Minimization fixes (#12)

* Fixes related to corner cases in calculating generalizations * Fix print * Fix corner cases in transform as well * Improve prints + bug fixes in calculation of feature to remove * Notebook demonstrating ai minimization
2026-06-08 15:05:13 +02:00 · 2021-08-17 21:19:48 +03:00 · 2021-08-17 21:19:48 +03:00 · 43952e2332
commit 43952e2332
parent d2591d7840
2 changed files with 326 additions and 47 deletions
--- a/apt/minimization/minimizer.py
+++ b/apt/minimization/minimizer.py
@ -117,6 +117,10 @@ class GeneralizeToRepresentative(BaseEstimator, MetaEstimatorMixin, TransformerM
            self.cells = params['cells']
        return self

+    @property
+    def generalizations(self):
+        return self.generalizations_
+
    def fit_transform(self, X=None, y=None):
        """Learns the generalizations based on training data, and applies them to the data.

@ -206,40 +210,45 @@ class GeneralizeToRepresentative(BaseEstimator, MetaEstimatorMixin, TransformerM
            nodes = self._get_nodes_level(0)
            self._attach_cells_representatives(X_train, y_train, nodes)
            # self.cells_ currently holds the generalization created from the tree leaves
+            self._calculate_generalizations()

            # apply generalizations to test data
            generalized = self._generalize(X_test, nodes, self.cells_, self.cells_by_id_)

            # check accuracy
            accuracy = self.estimator.score(generalized, y_test)
-            print('Initial accuracy is %f' % accuracy)
+            print('Initial accuracy of model on generalized data, relative to original model predictions '
+                  '(base generalization derived from tree, before improvements): %f' % accuracy)

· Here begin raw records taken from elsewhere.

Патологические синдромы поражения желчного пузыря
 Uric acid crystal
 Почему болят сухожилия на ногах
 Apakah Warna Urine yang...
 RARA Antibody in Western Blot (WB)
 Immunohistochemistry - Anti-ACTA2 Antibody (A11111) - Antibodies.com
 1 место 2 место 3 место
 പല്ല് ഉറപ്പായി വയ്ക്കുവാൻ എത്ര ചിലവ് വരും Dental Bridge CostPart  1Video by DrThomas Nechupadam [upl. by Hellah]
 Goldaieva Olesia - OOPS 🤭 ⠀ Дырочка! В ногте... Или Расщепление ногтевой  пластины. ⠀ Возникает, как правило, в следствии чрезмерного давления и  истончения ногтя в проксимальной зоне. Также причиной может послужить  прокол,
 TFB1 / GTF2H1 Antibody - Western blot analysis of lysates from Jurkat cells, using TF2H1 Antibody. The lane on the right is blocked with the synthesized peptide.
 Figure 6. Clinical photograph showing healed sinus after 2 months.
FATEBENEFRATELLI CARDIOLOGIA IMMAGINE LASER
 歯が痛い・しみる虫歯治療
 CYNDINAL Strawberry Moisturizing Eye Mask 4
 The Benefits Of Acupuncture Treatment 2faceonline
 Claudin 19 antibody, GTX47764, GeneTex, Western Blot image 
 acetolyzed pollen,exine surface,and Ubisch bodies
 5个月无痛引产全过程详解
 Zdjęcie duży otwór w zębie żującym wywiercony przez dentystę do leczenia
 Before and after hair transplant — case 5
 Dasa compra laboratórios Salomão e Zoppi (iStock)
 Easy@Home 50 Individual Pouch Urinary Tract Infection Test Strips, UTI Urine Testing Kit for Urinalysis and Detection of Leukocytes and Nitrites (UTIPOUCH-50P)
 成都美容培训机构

            # if accuracy above threshold, improve generalization
            if accuracy > self.target_accuracy:
+                print('Improving generalizations')
                level = 1
                while accuracy > self.target_accuracy:
                    nodes = self._get_nodes_level(level)
                    self._calculate_level_cells(level)
                    self._attach_cells_representatives(X_train, y_train, nodes)
+                    self._calculate_generalizations()
                    generalized = self._generalize(X_test, nodes, self.cells_,
                                                   self.cells_by_id_)
                    accuracy = self.estimator.score(generalized, y_test)
-                    print('Level: %d, accuracy: %f' % (level, accuracy))
+                    print('Pruned tree to level: %d, new relative accuracy: %f' % (level, accuracy))
                    level+=1

            # if accuracy below threshold, improve accuracy by removing features from generalization
            if accuracy < self.target_accuracy:
+                print('Improving accuracy')
                while accuracy < self.target_accuracy:
-                    self._calculate_generalizations()
                    removed_feature = self._remove_feature_from_generalization(X_test,
                                                                               nodes, y_test,
-                                                                               feature_data)
-                    if not removed_feature:
+                                                                               feature_data, accuracy)
+                    if removed_feature is None:
                        break
-                    generalized = self._generalize(X_test, nodes, self.cells_,
-                                                   self.cells_by_id_)
+
+                    self._calculate_generalizations()
+                    generalized = self._generalize(X_test, nodes, self.cells_, self.cells_by_id_)
                    accuracy = self.estimator.score(generalized, y_test)
-                    print('Removed feature: %s, accuracy: %f' % (removed_feature, accuracy))
+                    print('Removed feature: %s, new relative accuracy: %f' % (removed_feature, accuracy))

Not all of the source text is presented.